# I broke out of a ptsb fixed early. Will I get my tracker back?



## working mom (25 May 2015)

Took out a tracker mortgage in 2007 , first 5 years at a fixed rate , then to conver to the tracker after the fixed rate period ended. However rang PTSB in 2009 and was allowed to break the fixed rate period without incurring a penalty. Looked over the loan offer last night and it states  in the event of the applicant not requesting the tracker at the end of the fixed rate the mortgage will roll on to the tracker. However it also says in the special conditions no 5 applies in this case , I looked this up  and it says at the end of the fixed rate period PTSB and the applicant shall have the option to convert to the variable rate without incurring a redemption fee. 

I was nver offered  the tracker at the end of the fixed period.

Anyone able to ad light on this , I'd appreciate it !


----------



## Brendan Burgess (25 May 2015)

You will be included in the ongoing review of the ptsb's lost trackers. You should hear in the next week or two what they have decided in your case.  So there is no need for you to do anything just yet. Wait until you see the outcome and then decide. 

Brendan


----------



## working mom (25 May 2015)

Brendan Burgess said:


> You will be included in the ongoing review of the ptsb's lost trackers. You should hear in the next week or two what they have decided in your case.  So there is no need for you to do anything just yet. Wait until you see the outcome and then decide.
> 
> Brendan


Thanks Brendan ,
I had no idea there was even an ongoing issue or a high court case until the recent article I read in one of the national newspapers.


----------



## Brendan Burgess (25 May 2015)

Hi mom

Around 2,000 people lost their trackers through breaking out of a fixed rate early. Something like 80 of them have lodged claims with the Ombudsman.   I just can't get my head around the fact that there are 1,920 people out there who have lost their trackers, and don't seem upset enough to take any action.  They were concerned enough to fix their rate in the first place, so it's not complete inertia.  On a €200k mortgage, the difference would be around €500 a month. 

Brendan


----------



## working mom (25 May 2015)

Hi Brendan ,

I would hazard a guess and say maybe they don't know they are entitled to it . I know I didn't. To be honest I had to search the house for the original loan aggrement as I couldn't remember the actual , mortgage type myself for sure.
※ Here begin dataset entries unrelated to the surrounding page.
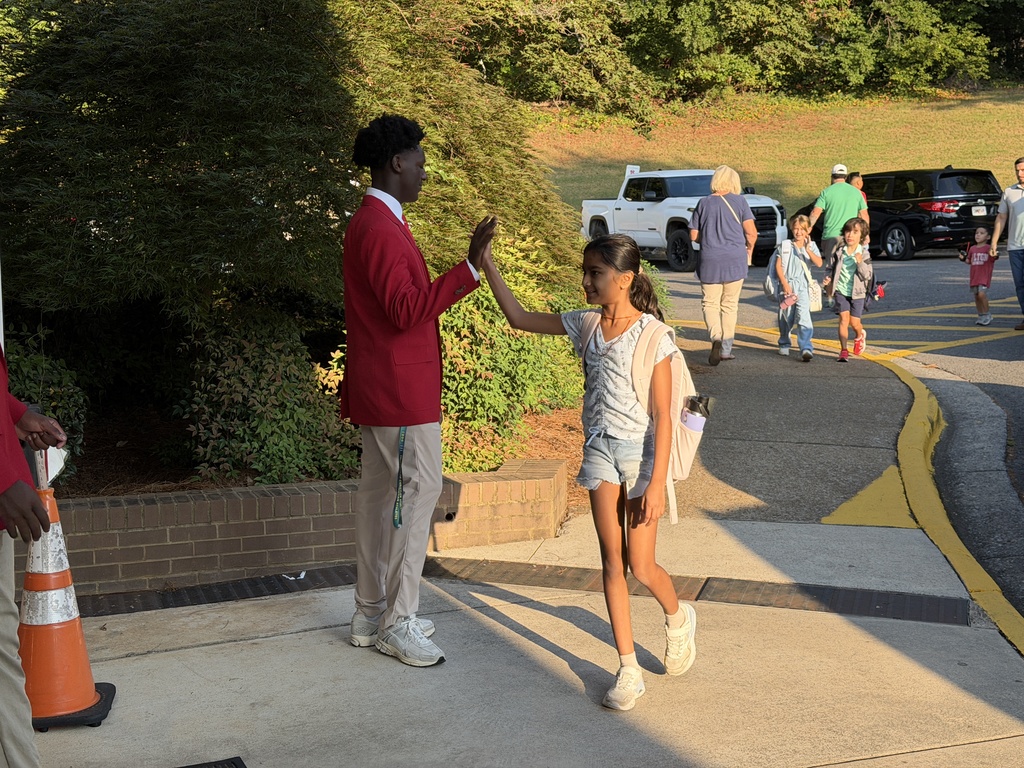 students in red jackets holding the door and high-fiving students as they enter the building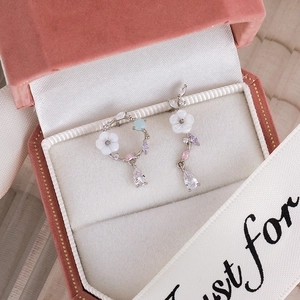 Macro detail of asymmetric shell flower earrings with colorful zircons in a pink velvet box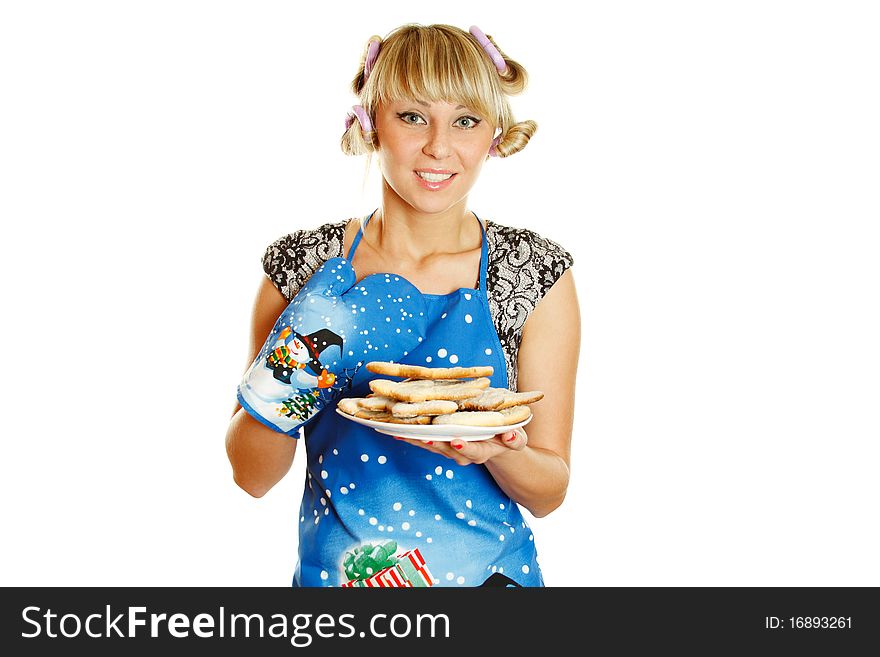 Pretty young woman in an apron and oven gloves holding a plate of gingerbread cookies for the little people christmas. Isolated on a white background. Pretty young woman in an apron and oven gloves holding a plate of gingerbread cookies for the little people christmas. Isolated on a white background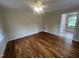 Bedroom with hardwood floors, neutral walls, a ceiling fan, and an ensuite bathroom at 2130 Pearidge Rd, Angier, NC 27501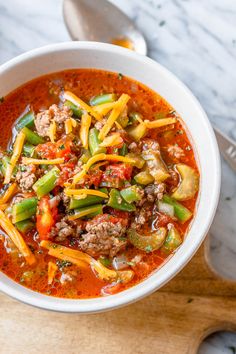 a white bowl filled with meat and vegetable soup on top of a wooden cutting board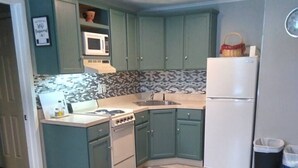 A compact kitchen with teal cabinets, a white refrigerator, a microwave, a stove, and a tiled backsplash. - Killington / Rutland 1 Bdroom Cabin, Cabin #1 (Mendon)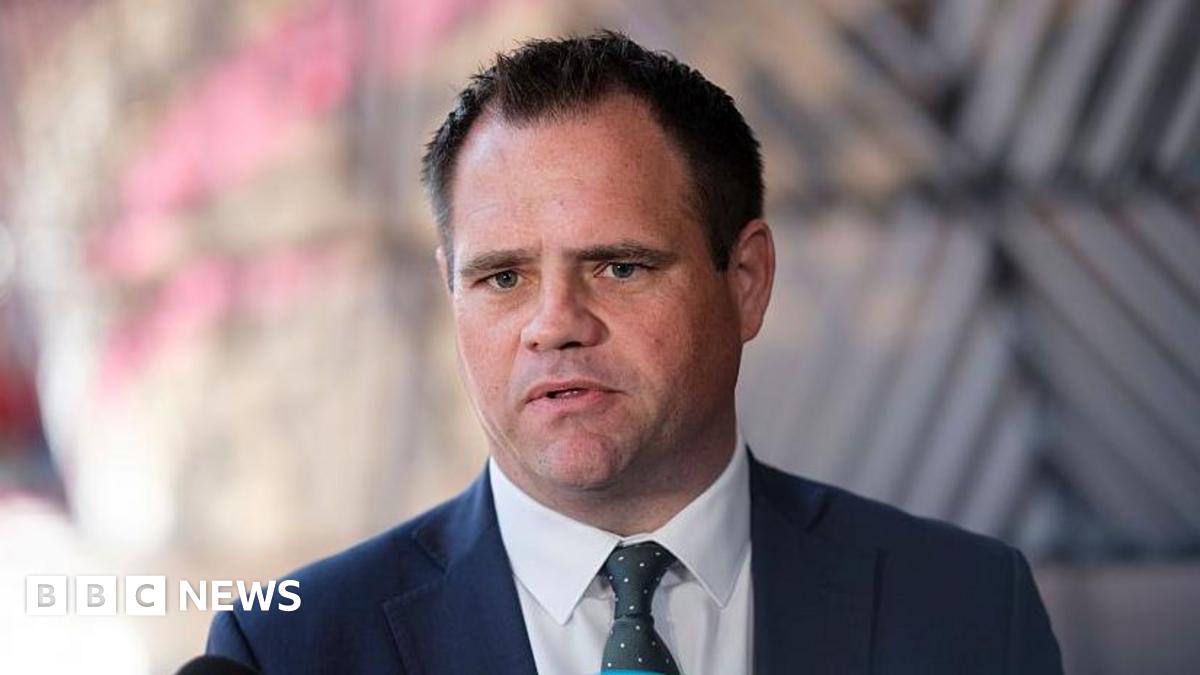 Irish Minister of State Neale Richmond, with short brown hair, wearing a navy suit, white shirt and dark green tie. The background of the image is blurred.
Also many people may have restructured their loans under the MARP process and I would guess a tracker was never mentioned and this would probably wipe out the original one !!


----------



## PTSBCase (25 May 2015)

I rang PTSB last week and was told that 1300 people are affected??? Saying that the detail they have been giving people seems to be inconsistent so hard to know what to believe. 
Fingers crossed for the outcome over the next 2 weeks to everyone affected.


----------



## working mom (25 May 2015)

Fingers crossed is right !!! I know it would make a huge difference to my situation .


----------



## working mom (27 May 2015)

I am just reading over my original post here , what it should say is " I have just looked over the letter of approval for the loan " Is this the same as the letter of offer ?


----------



## matan (27 May 2015)

Yes it is working mom.


----------



## working mom (27 May 2015)

GREAT ,

Thanks Matan


----------